Speaking of growth, research shows that our brains grow when we make mistakes and when we fail (Dweck, 2006). Moreover, if you teach children that each time you make a mistake, your brain is getting larger, they spend much more time learning from mistakes than dwelling upon them (Dweck, 2006). Check out Carol Dweck’s incredible TedTalk for more information about the Growth Mindset.
Mercy is falling all around us
To you, seeker of truth. I encourage you to look for signs of God’s mercy all around you–in the sweet spring rain, in the rolling waves, and in your relationships. God is just longing to pour out His mercy upon you. You just have to give Him your mistakes, sins, and shortcomings- and watch as He renews you, making something beautiful with every piece of brokenness. In line with psychological research, I encourage you to forgive yourself and others, search for meaning in past adversity, and learn from mistakes. All of these practices line up nicely with God’s pouring forth of mercy, renewing and rejuvenating us not despite our past, but with it—all of it.
Adler, J. M. (2012). Living into the story: agency and coherence in a longitudinal study of narrative identity development and mental health over the course of psychotherapy. Journal of personality and social psychology, 102(2), 367.

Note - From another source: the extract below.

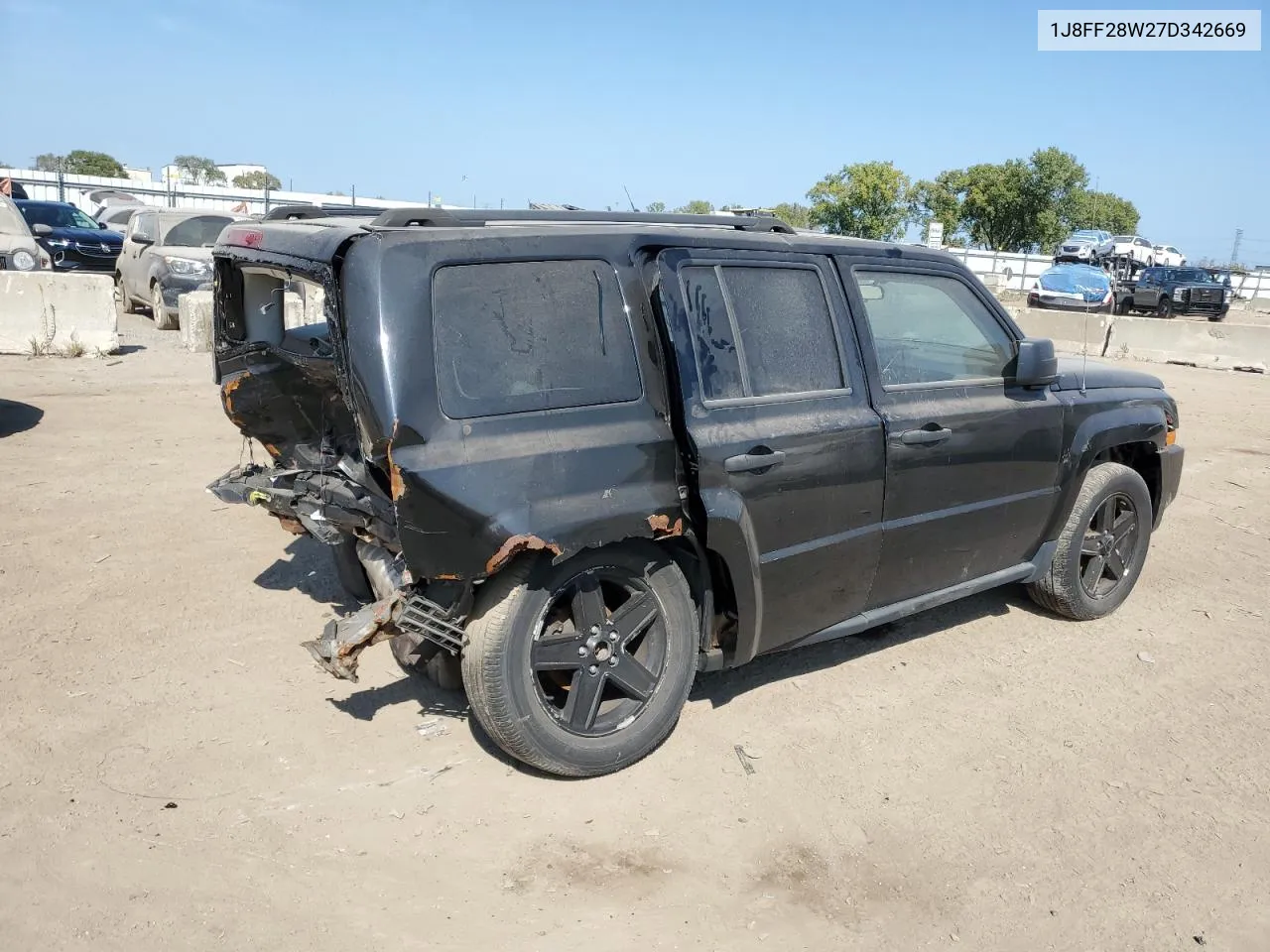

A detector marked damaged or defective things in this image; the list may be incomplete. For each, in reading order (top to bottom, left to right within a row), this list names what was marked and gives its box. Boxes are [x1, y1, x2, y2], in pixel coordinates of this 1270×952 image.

Davis, D. E., Ho, M. Y., Griffin, B. J., Bell, C., Hook, J. N., Van Tongeren, D. R., … & Westbrook, C. J. (2015). Forgiving the self and physical and mental health correlates: a meta-analytic review. Journal of counseling psychology, 62(2), 329.

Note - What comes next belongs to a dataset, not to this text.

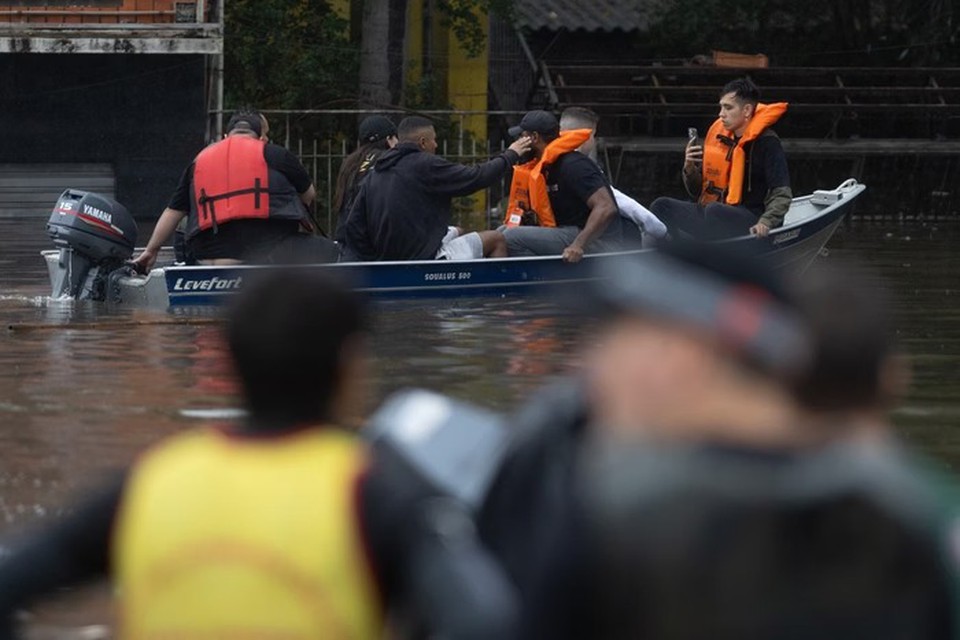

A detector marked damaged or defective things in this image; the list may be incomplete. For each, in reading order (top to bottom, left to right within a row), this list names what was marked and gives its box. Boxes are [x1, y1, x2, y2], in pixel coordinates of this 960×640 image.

Dweck, C. (n.d.). The power of believing that you can improve [Video]. TED Talks. https://www.ted.com/talks/carol_dweck_the_power_of_believing_that_you_can_improve?language=en
Jayawickreme, E., Infurna, F. J., Alajak, K., Blackie, L. E., Chopik, W. J., Chung, J. M., … & Zonneveld, R. (2021). Post‐traumatic growth as positive personality change: Challenges, opportunities, and recommendations. Journal of personality, 89(1), 145-165.
Raj, P., Elizabeth, C. S., & Padmakumari, P. (2016). Mental health through forgiveness: Exploring the roots and benefits. Cogent Psychology, 3(1), 1153817.